Page 74 - Cardiac abnormalities after aneurysmal subarachnoid hemorrhage
P. 74
Chapter 5
CT imaging
CT imaging was performed on 16- or 64-multidetector CT scanners (Philips Healthcare). For CTP, 40 mL of non-ionic contrast agent (lopromide, Ultravist, 300 mg iodine/mL, Schering) followed by 40 mL saline was injected intravenously at a rate of 5 mL/s. One image per 2 seconds was acquired during 60 seconds, with 512x512 matrix, 160-220 mm field-of-view, and UB filter. Scan parameters were: 16 slice, 90 kVp, 150 mAs, 8x3 mm collimation; 64 slice, 80 kVp, 150 mAs, 64x0.625 mm collimation.

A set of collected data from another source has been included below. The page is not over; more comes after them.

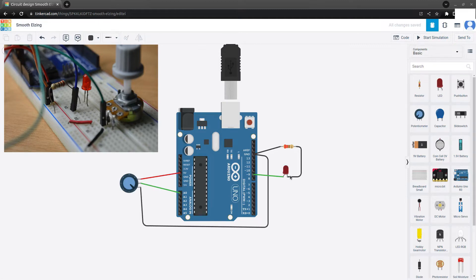Then we connect the anode pin of the LED to pin 9, which is a PWM pin. The Arduino board has several PWM pins: pin 10, pin 6, pin 5, and pin 3.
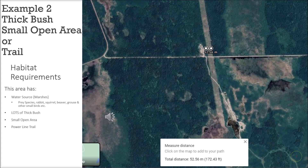Moving on to example number two on public land — thick bush with small open areas, specifically a power line trail. Most of this area is thick pine bush. The trail measured at 52 meters across is a power line or hydro line trail, which is why it's clear-cut. Any animal wanting to get from one side to the other has to cross that trail. If we place our stand properly, we'll be able to see them crossing.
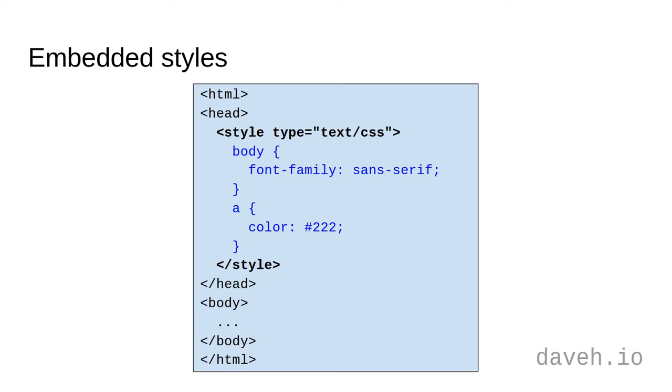Unfortunately, using CSS like this is not supported in all email clients. For example, Gmail doesn't support embedded styles at all. So this isn't a good option either.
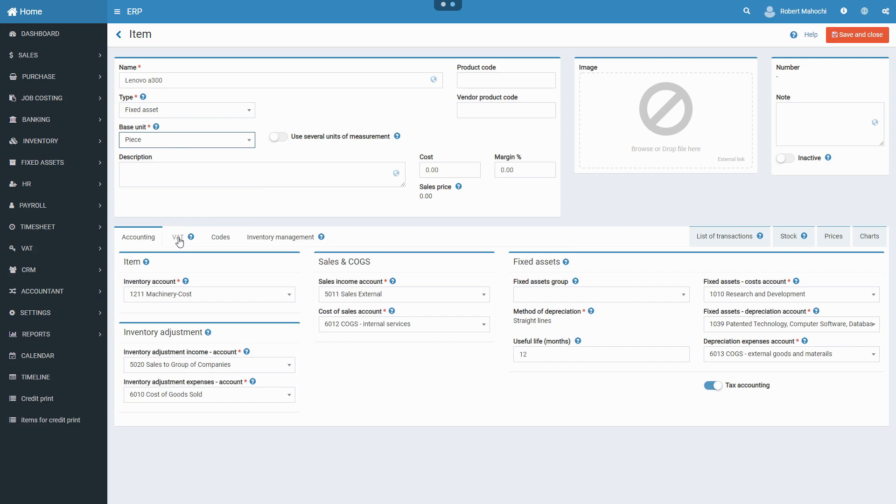But, it is recommended to revise default accounts and change them to accounts that are more appropriate to the specific fixed asset.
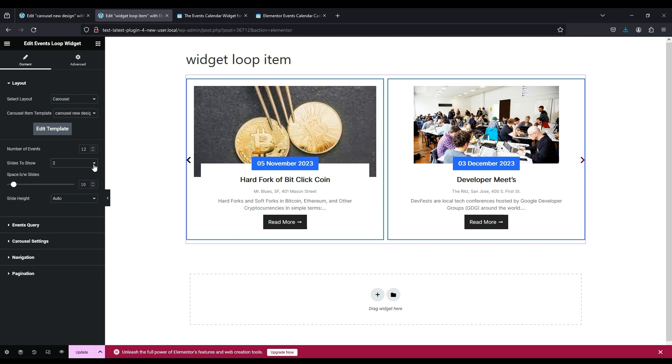Select the number of slides you want to show and any other settings you like.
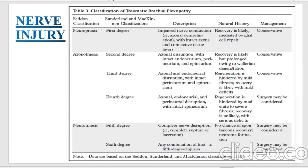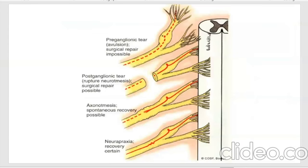In this image, we can see various types of injuries. The last one is neurapraxia, the second last is axonotmesis, then the second one is postganglionic, and the first one is preganglionic.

Depending on the multidetector type CT scanner, for the CTA scan another 60-80 mL of contrast was injected at a rate of 5 mL/s, followed by a 40 mL saline flush at a rate of 5 mL/s. Imaging was performed with: 90-120 kVp, 150–300 mAs, 512x512 matrix, 200 mm field of view, 0.9–1 mm slice thickness, and 0.45–0.5 mm reconstruction increment.
CTP post-processing
CTP maps were evaluated on a workstation (Intellispace Portal, Philips Healthcare). A tracer delay insensitive algorithm was used to calculate the perfusion maps. Twelve regions of interest (ROIs) were drawn in the peripheral (cortical) and deep (basal ganglia) flow territories of the anterior (ACA), middle (MCA) and posterior cerebral artery (PCA) (Figure 1).
Figure 1: Standard regions of interest in the peripheral (cortical) and deep (basal ganglia) flow territories of the anterior, middle and posterior cerebral artery.